This section presents a collection of projects and papers, central to my PhD research, unified by the theme of human pose estimation and analysis. The work spans various applications, from forensic tools for image and video processing in criminal investigations to modeling infant sensorimotor development and tracking athletes in sports. These efforts reflect a blend of technical innovation and practical application, emphasizing the importance of accurately analyzing human poses and movements to derive meaningful insights across diverse fields.

If anything catches your eye, feel free to contact me for more information.

Projects

Set of Forensic Analytical Tools for Image and Video Processing for Criminal Police Service

The project, a collaborative effort with VUT (Brno University of Technology), involves creating a suite of advanced forensic tools for the Czech Republic Police, funded by the Ministry of Interior. These tools focus on the automatic processing of images and videos, specifically honing in on human figures to enhance the efficiency and accuracy of criminal investigations. For more information about this innovative project, please feel free to reach out through any of the available contact methods.

Grant description in Czech

Modeling infant sensorimotor development

The project led by Matej Hoffman, focuses on the behavior of infants to gain a deeper understanding of human development. My contribution to this project involves the precise estimation of 2D poses of babies in videos, a crucial aspect that helps in analyzing and interpreting infant movements and interactions. This work is part of a larger effort to model human behaviors, particularly in the early stages of life, providing valuable insights for various applications.

Advanced Video Analysis for Floorball Player Tracking

This project extends my long-standing interest in sports analysis, a journey that began with my bachelor thesis and evolved through my master’s work. As a coach in the highest league of floorball, my focus in this project is on developing sophisticated methods for tracking floorball players in videos. The aim is to harness video analysis to gain insights into player movements and team dynamics, enhancing coaching strategies and game understanding. This work not only aligns with my academic pursuits but also integrates my practical experience and passion for floorball, striving to bring a new level of analytical depth to the sport.

PoseAnnotator tool

A lightweight, local alternative to CVAT and LabelStudio. Originally developed to create the RePoGen dataset, we have since used it for multiple datasets. This easy-to-use Python tool features a simple GUI for annotating 2D human poses in images. Ideal for researchers and developers, PoseAnnotator simplifies the data labeling process for human pose estimation projects. Feel free to use it for your research and contribute to its development. Your feedback and contributions are welcome!

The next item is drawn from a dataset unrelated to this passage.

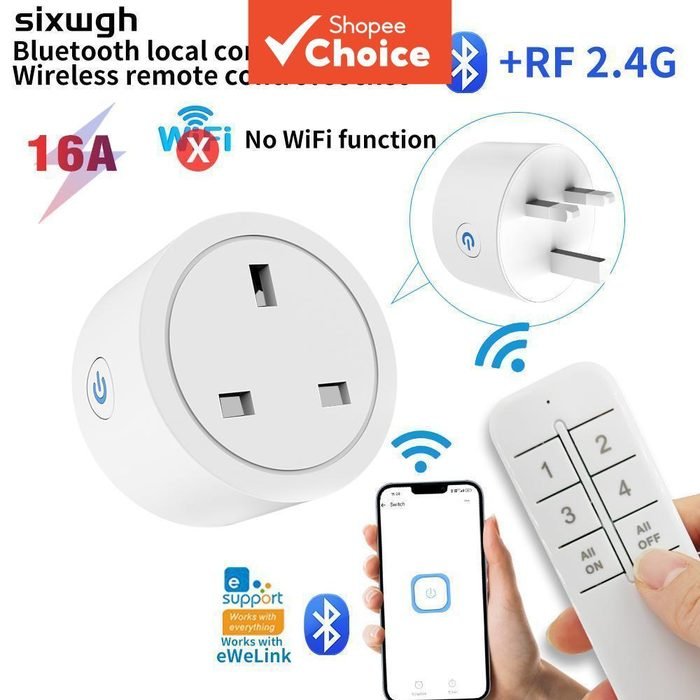 Um Conjunto EWELINK RF 2.4G Bluetooth Tomada Inteligente Reino Unido , Interruptor De Controle Remoto Sem Fio Para Eletr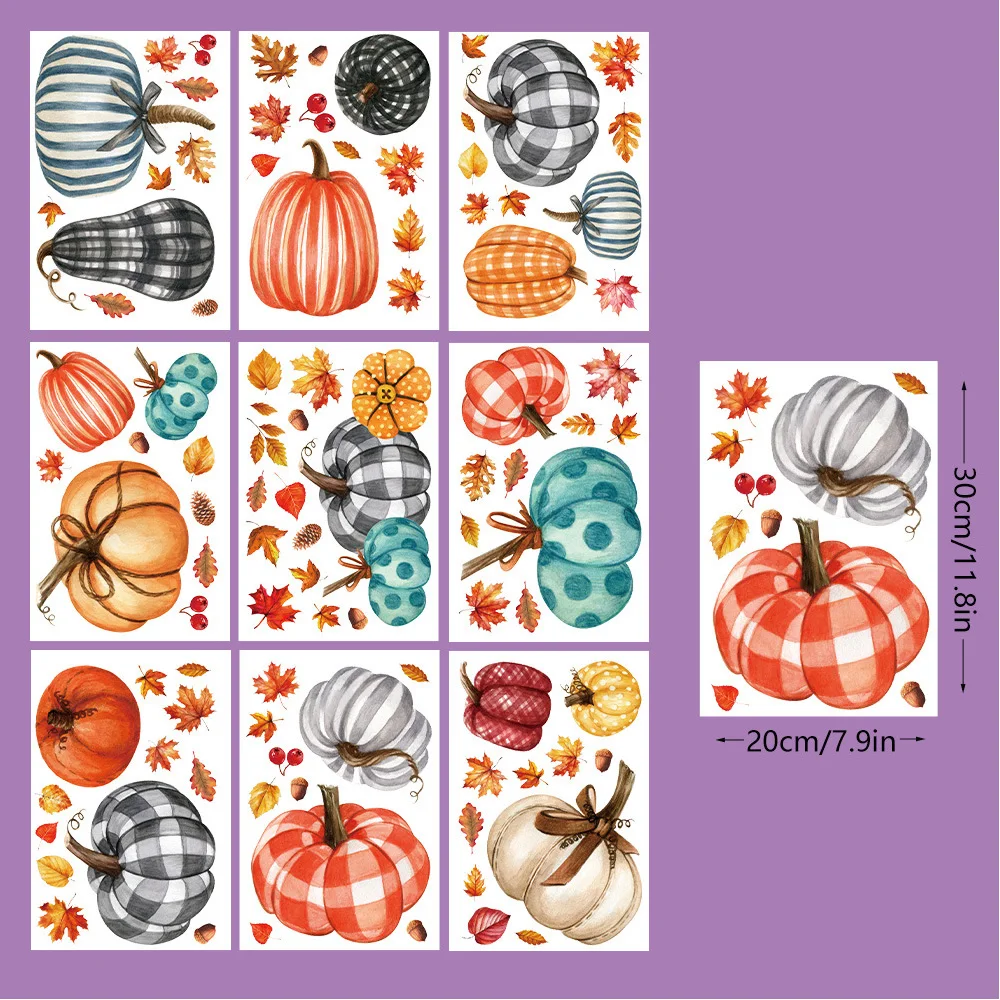 9 Sheets Thanksgiving Window Clings Pumpkin Maple Leaf Static Stickers Glass Art Decals for Fall Autumn Harvest Party Supplies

The tool is available on GitHub

Papers

Improving 2D Human Pose Estimation in Rare Camera Views with Synthetic Data

Miroslav Purkrabek, Jiri Matas

The 18th IEEE International Conference on Automatic Face and Gesture Recognition
Winner of the Best Poster Award

Abstract: Methods and datasets for human pose estimation focus predominantly on side- and front-view scenarios. We overcome the limitation by leveraging synthetic data and introduce RePoGen (RarE POses GENerator), an SMPL-based method for generating synthetic humans with comprehensive control over pose and view. Experiments on top-view datasets and a new dataset of real images with diverse poses show that adding the RePoGen data to the COCO dataset outperforms previous approaches to top- and bottom-view pose estimation without harming performance on common views. An ablation study shows that anatomical plausibility, a property prior research focused on, is not a prerequisite for effective performance. The introduced dataset and the corresponding code are available on the project website.

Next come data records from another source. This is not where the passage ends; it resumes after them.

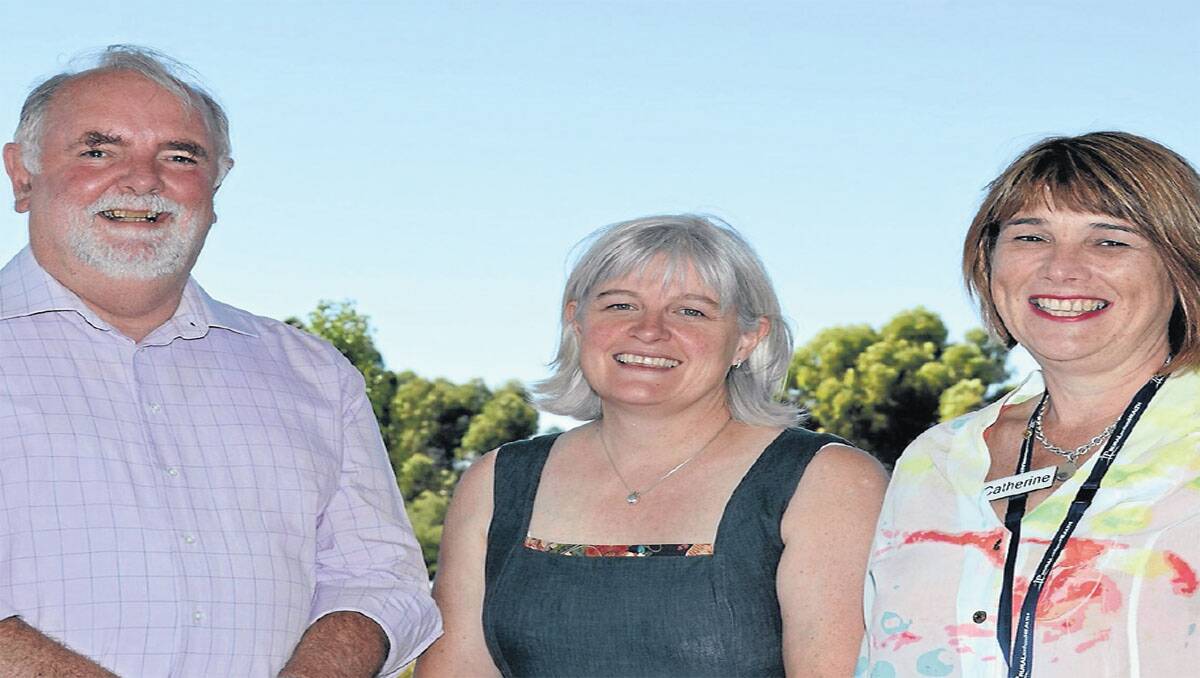 STUDYING AGAIN: Warracknabeal pharmacist and businessman John Aitken with LaTrobe University's Kaye Knight and Rural Northwest Health chief executive Catherine Morley. PICTURE: CONTRIBUTED.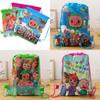 Cocomelon Drawstring Bag Backpack For Kids Featuring Stain-resistant Non-woven Fabric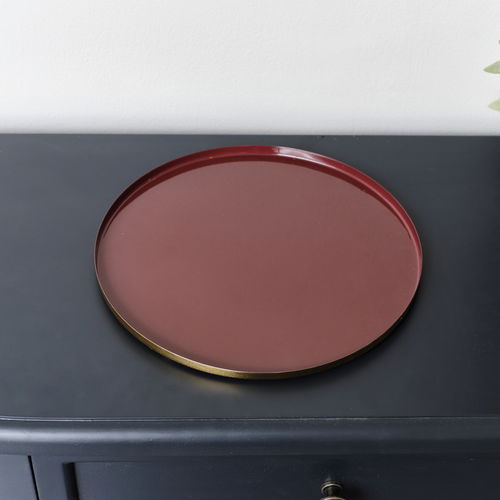 Round Metal Gold & Deep Red Tray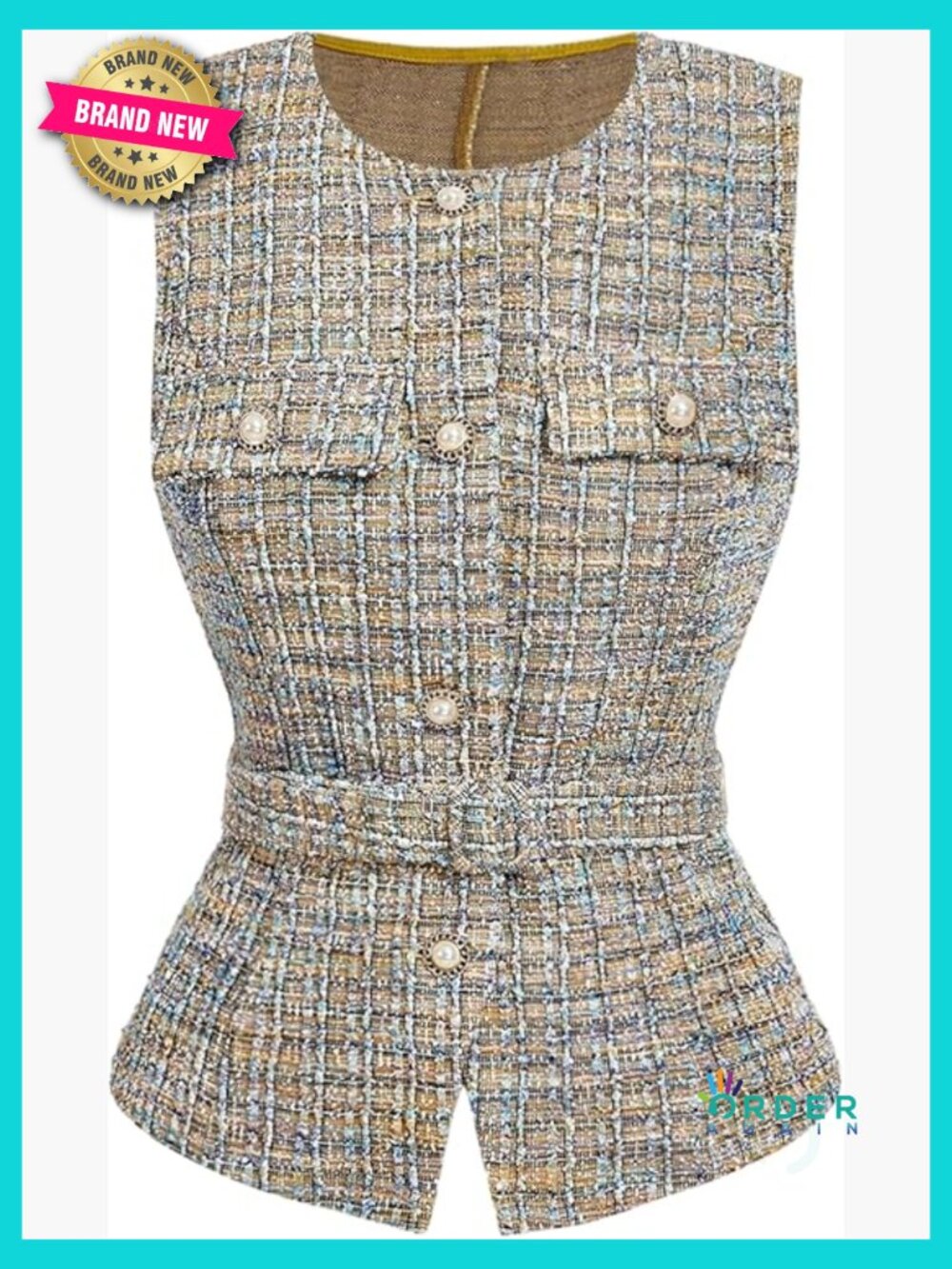Tweed Plaid Blazer Vest Pearl Beaded Button Down Sleeveless Belted Business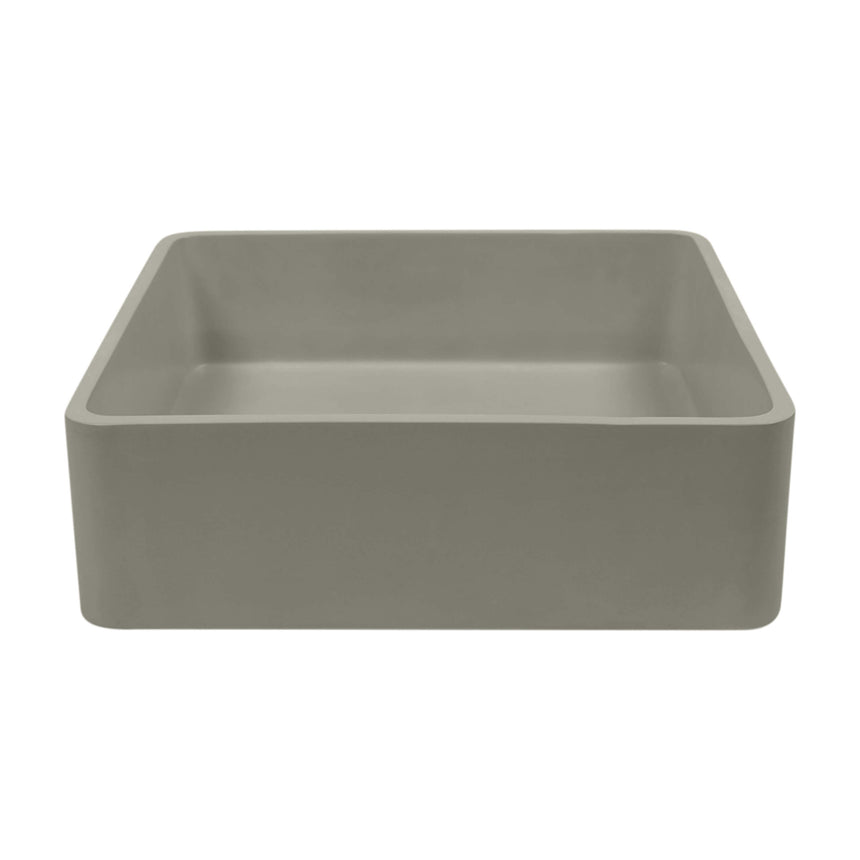 Nood Co Vesl Square Wall Hung Basin Olive Bathroom Basin Nood Co Default Title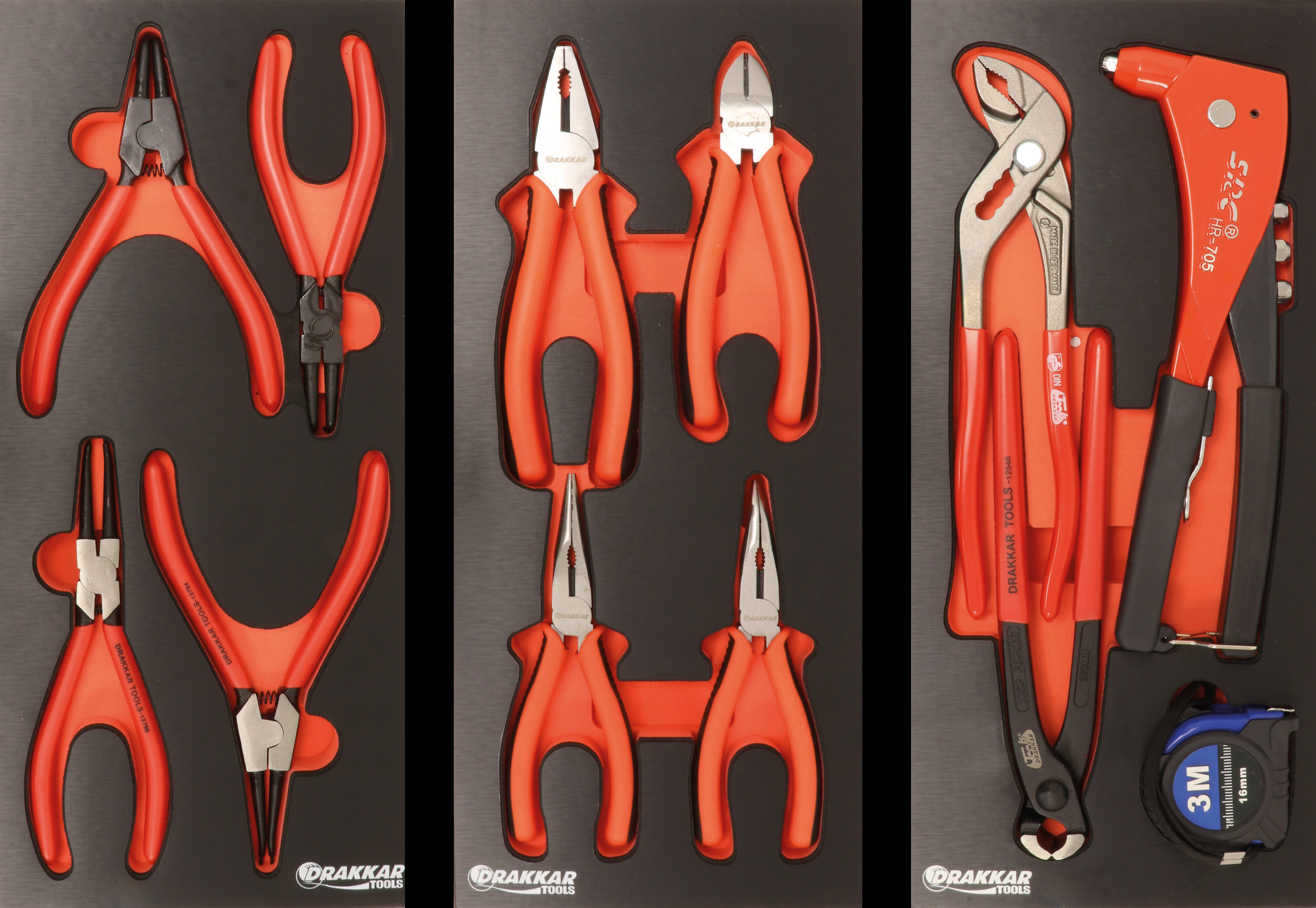 Servante d'atelier 8 tiroirs composée de 263 outils PL - modules finition métal DRAKKAR TOOLS - 25124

Discovery, tracking and redection of floorball players from multiple cameras

Miroslav Purkrabek

Master thesis

Abstract: This thesis proposes a new system for unsupervised person tracking by detection. The system focuses on tracking players in sports video, specifically floorball, using multiple cameras with different viewing angles. The new hard-negative mining technique leveraging time constraints enables us to train the identification network without labelled data. The proposed method generates tracklets with a low level of ID switches, and it is appropriate for generating labelled data for supervised training. Samples from the newly created dataset, which we used for evaluation, are attached to the thesis along with the code.

Floorball Player Tracking from a Top-View Camera

Miroslav Purkrabek

Bachelor thesis

Abstract: In this thesis, we propose a new system for online person tracking by detection. The system focuses on tracking persons in top-view sports videos. A modified YOLO network serves as a person detector from top-view videos. A fine-tuned ResNet network works as a similarity metric allowing person reidentification by visual similarity. The proposed method achieves 94% mAP in the detection and 90% MOTA in the tracking on a new dataset from sports videos. The dataset is attached to the thesis along with a GUI application for data processing.